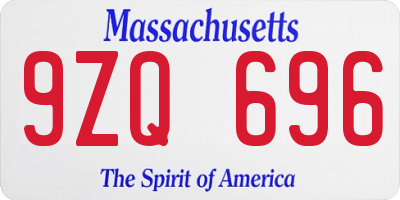 MA license plate 9ZQ696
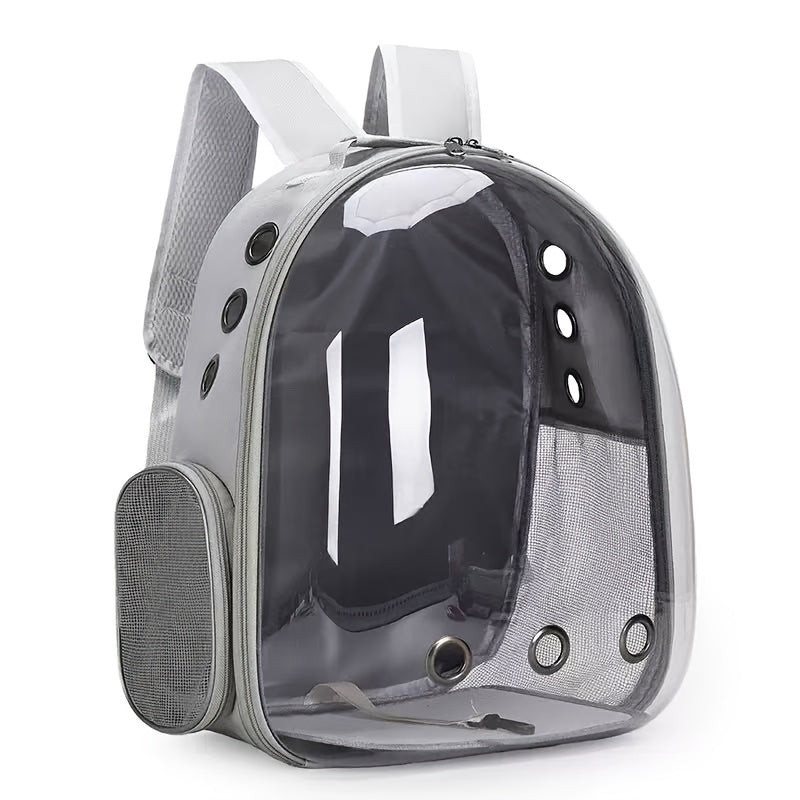(BLUE)Replacement Transparent Pet Backpack with Zipper Closure - Heavy-Duty Structure, Ventilated and Padded Lining - Portable Travel Carrier for Cats, Small Dogs, Airplanes, Trains, Cars - Safe and Comfortable Carrier Backpack for Busy Pet Owners - Ideal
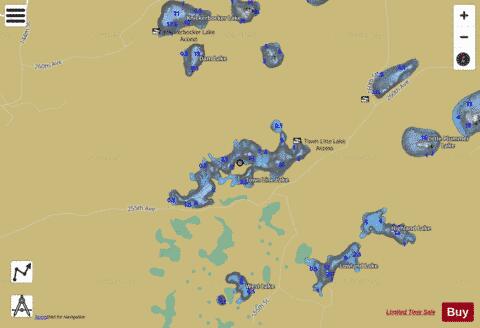 Town Line Lake depth contour Map - i-Boating App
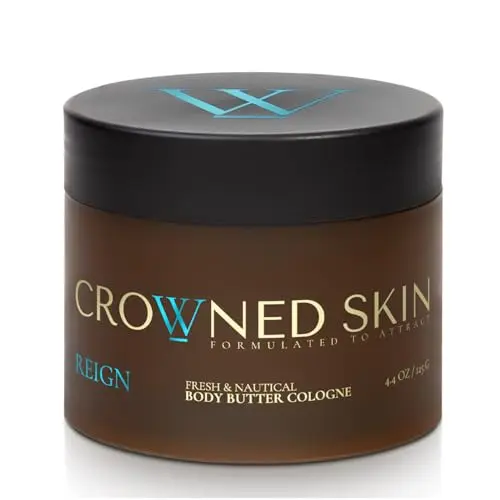 Crowned Skin Reign Body Butter Cologne jar with fresh nautical scent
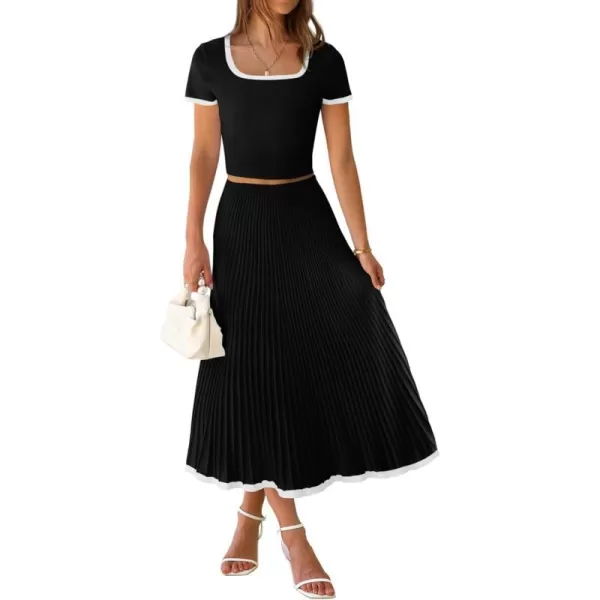 imageZESICA Womens Summer Casual Two Piece Sets Short Sleeve Top and Pleated Skirts Matching Lounge Set Vacation Travel OutfitsBlack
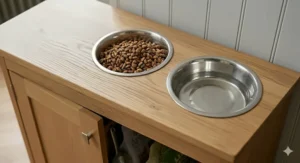A close-up of a person lifting a dishwasher-safe stainless steel bowl out of a white elevated cat feeding unit for easy cleaning.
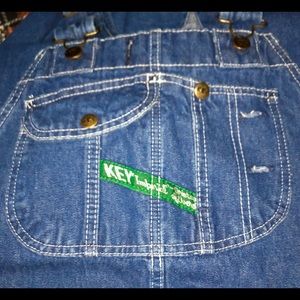 KEY IMPERIAL Bib Denim Overalls Dark Wash W34xL30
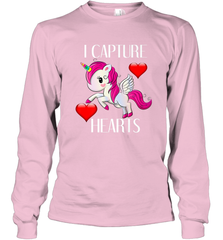 Girls Valentine's Day Unicorn I Capture Hearts Kids Gift Long Sleeve T-Shirt Long Sleeve T-Shirt - FordPhuMy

--------------------

• [Exercise instructions] Copy out every line of the data exactly, leaving the images behind.

• [The completed task]
 MA license plate 9ZQ696
(BLUE)Replacement Transparent Pet Backpack with Zipper Closure - Heavy-Duty Structure, Ventilated and Padded Lining - Portable Travel Carrier for Cats, Small Dogs, Airplanes, Trains, Cars - Safe and Comfortable Carrier Backpack for Busy Pet Owners - Ideal
 Town Line Lake depth contour Map - i-Boating App
 Crowned Skin Reign Body Butter Cologne jar with fresh nautical scent
 imageZESICA Womens Summer Casual Two Piece Sets Short Sleeve Top and Pleated Skirts Matching Lounge Set Vacation Travel OutfitsBlack
A close-up of a person lifting a dishwasher-safe stainless steel bowl out of a white elevated cat feeding unit for easy cleaning.
 KEY IMPERIAL Bib Denim Overalls Dark Wash W34xL30
 Girls Valentine's Day Unicorn I Capture Hearts Kids Gift Long Sleeve T-Shirt Long Sleeve T-Shirt - FordPhuMy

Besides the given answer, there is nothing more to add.